A primeira chicotada chegou fazendo um barulho estridente, trazendo uma onda de sensações intensas. Dor e prazer se misturaram naquele primeiro golpe, o ardor se espalhando em formigamentos e, por mais que não pudesse ver, tinha a certeza de que já havia deixado uma marca vermelha e áspera no tom claro da pele de suas costas. Era como uma explosão em seu sistema nervoso, fazendo seus músculos se contraírem de imediato, seguido de um primeiro e automático impulso de recolha, fazendo-o querer fugir. Seu corpo então cedeu ao prazer que se espalhou dois microssegundos após o ardor e refreou o impulso de fuga, transformou-o quase de forma automática em um gemido exalado. Quis pedir mais.

Suas palavras não foram mais rápidas do que o barulho do couro, cortando o ar, e a mão do Mestre que, antes mesmo de qualquer pedido, já aplicava uma segunda chicotada. Sua pele, agora já levemente acostumada ao ardor do impacto, ao invés de recolher-se, apenas deixou o arrepio intenso dominar cada poro aberto. O gemido dessa vez veio mais alto, com um timbre que denunciava a excitação crescente que tomava conta do seu corpo. Conseguiu ouvir a risada abafada do Mestre, ao mesmo tempo longe e ecoando em seus ouvidos, em sua cabeça, reverberando em seu interior. O som grave da risada causou outro arrepio, percorrendo todo o seu corpo, de dentro para fora. Naquele momento sabia que estava entregue, em transe.

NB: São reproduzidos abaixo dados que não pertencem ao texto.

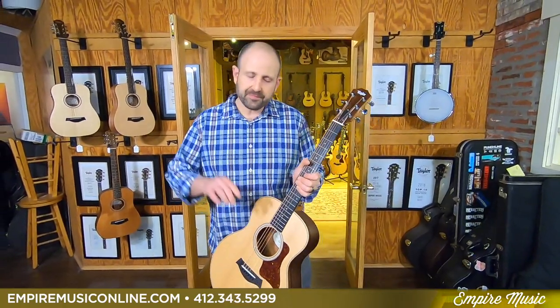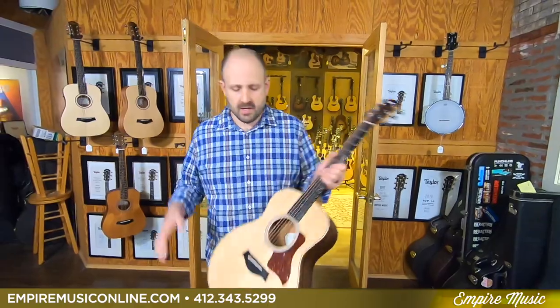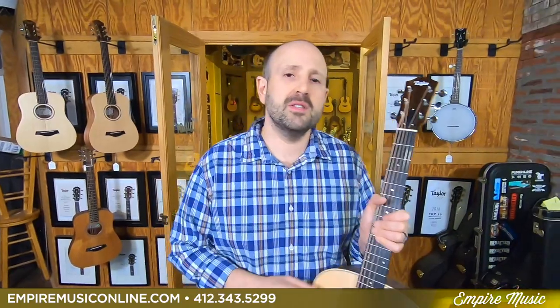We're going to give you free shipping. We have 48 months, 0% financing on all Taylor guitars. You want to buy this GS Mini right here for $549 — 48 months, 0%, no restrictions. If you want to do the buy-a-guitar-and-add-a-baby or add the GS Mini, you can use 48 months, 0%.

Terceiro golpe. Conseguiu sentir cada uma das nove tiras de couro tocando as costas lisas, a pele se crispando em ardência onde cada tira marcava uma linha vermelha, ressaltando a brancura de seu dorso. O arrepio e o eriçar agora se espalhavam mais rápido, do lugar onde recebera o golpe até a extremidade de cada membro; sentiu o impulso elétrico da dor chegar aos pulsos algemados e aos tornozelos presos com firmeza pela corda de juta em nós elaborados. “Certeza de que não está muito apertado?” a lembrança da voz de seu Mestre, momentos atrás, agora viva e ressonante em sua mente. Não, não estava. Não, não, não, era o que queria gritar a plenos pulmões. Tudo o que conseguiu foi gemer longamente, deixando a eletricidade tomar conta de ser corpo.

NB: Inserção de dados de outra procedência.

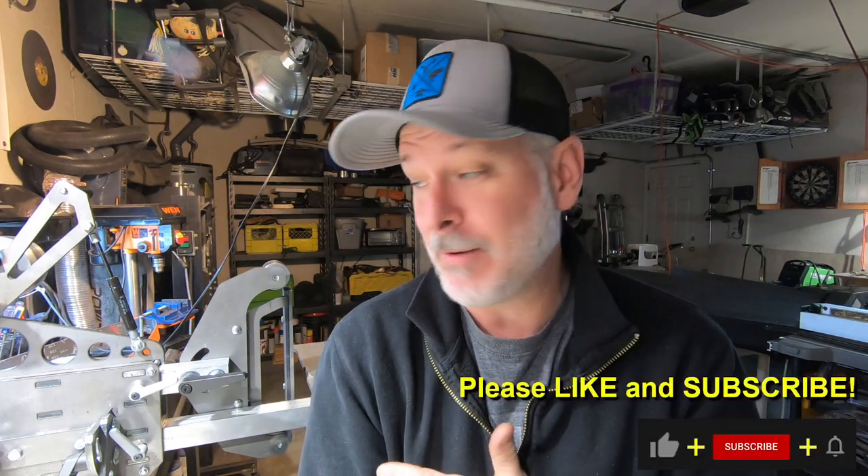Hey folks, welcome to another Triple T Thursday. For those who are joining us, that's Tools, Tips and Talk, where I talk about info specifically for the knife maker. In today's video we're going to talk about my new grinder, the Broadbeck.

Respirou fundo, inalando o cheiro condimentado da fumaça do charuto Cohiba que agora inundava o espaço. Se pudesse, veria que estava cercado por uma nuvem esbranquiçada vinda da boca de seu Mestre. Respirou mais uma vez, se deixando queimar os sentidos por aquele cheiro. Aquele cheiro, aquela sensação, quase sufocante, quase incômodo, mas totalmente inebriante, “Vai lá pra fora pra fumar!”, a voz da sua mãe invadia a sala, o grito vindo da cozinha, enquanto seu pai levantava preguiçosamente respondendo um “Tá bem” meio arrastado, o hálito de cachaça se espalhando no ar enquanto o jornal era assistido do sofá da sala já enfumaçada. O mesmo hálito de cachaça que lhe dizia “agora vai pro seu quarto e dorme”. Um hálito bem diferente daquele de uísque amadeirado que agora perguntava “Gostando?” ao pé do seu ouvido em um tom grave e excitante.

“Sim”, quis responder, mas tudo o que a mordaça metálica o permitia emitir eram gemidos e grunhidos indistinguíveis daqueles que um animal acuado faria. Assentiu vigorosamente, deixando seu Mestre saber o prazer que sentia naquele estado em que se encontrava, totalmente entregue e disposto a satisfazer os desejos daquele que o dominava. “Eu sei que está”, ecoou novamente a voz do seu Mestre em seus ouvidos, logo antes de sentir mais uma baforada do charuto. Se pudesse ver, olharia para um sorriso de canto de boca, quase mostrando os dentes, fazendo os lábios franzirem e o desenho da barba formar uma expressão de intenso desejo sádico por admirar a dor do outro.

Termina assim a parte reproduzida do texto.